Rzucił ją psom i patrzył, jak Szara Jeyne ucieka z nią, ścigana przez Sarę i Wierzbę.
Lord Bolton rozkazał Ablowi uprzyjemniać posiłek muzyką. Bard zaśpiewał „Żelazne kopie”, a potem „Zimową pannę”. Gdy Barbrey Dustin poprosiła o coś weselszego, usłyszeli pieśni „Królowa zdjęła sandał, król zdjął koronę” oraz „Niedźwiedź i dziewica cud”. Freyowie przyłączyli się do śpiewu i nawet niektórzy ludzie z północy walili pięściami w stoły, rycząc:
„Niedźwiedź! Niedźwiedź!”. Hałas przestraszył jednak konie, śpiewacy więc umilkli, a muzyka przestała grać.

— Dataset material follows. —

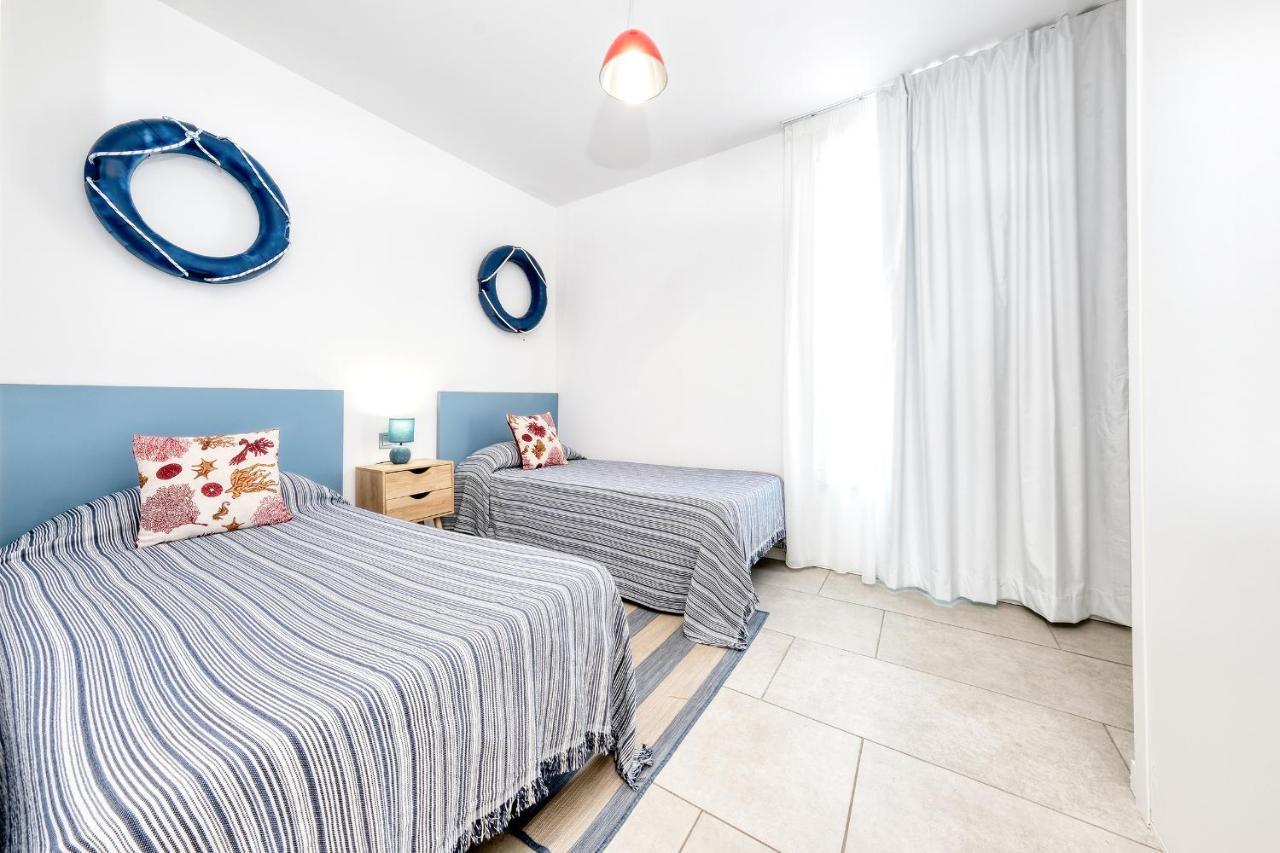 פלאיה בלנקה La Marinera House-Near The Beach, Fast Wifi, Air-Con On Main Bedroom And Sat Tv מראה חיצוני תמונה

Chłopaki Bękarta zgromadziły się pod dymiącą pochodnią, zatkniętą w uchwyt na ścianie.
Luton i Obdzieracz grali w kości. Chrząkacz posadził sobie na kolanach kobietę i trzymał ją za pierś. Damon Zatańcz ze Mną smarował tłuszczem bicz.
— Fetor — zawołał, stukając się biczem w łydkę, jakby przywoływał psa. — Znowu zacząłeś śmierdzieć, Fetor.
— Tak — odparł cicho Theon, nie znajdując innej odpowiedzi.
— Jak już będzie po wszystkim, lord Ramsay wytnie ci wargi — zapowiedział Damon, głaszcząc bicz zatłuszczoną szmatką.
Moje wargi były między nogami jego pani. Podobna bezczelność nie może ujść karze.
— Skoro tak mówisz.
Luton ryknął śmiechem.
— On chyba tego chce.
— Idź sobie, Fetor — zażądał Obdzieracz. — Niedobrze mi się robi od twojego smrodu.
Wszyscy ryknęli śmiechem.
Uciekł szybko, nim zdążyli zmienić zdanie. Dręczyciele nie pójdą za nim na dwór, dopóki w komnacie było jedzenie i picie, chętne kobiety i ciepły ogień. Gdy wychodził, Abel śpiewał „Dziewczęta, które kwitną na wiosnę”.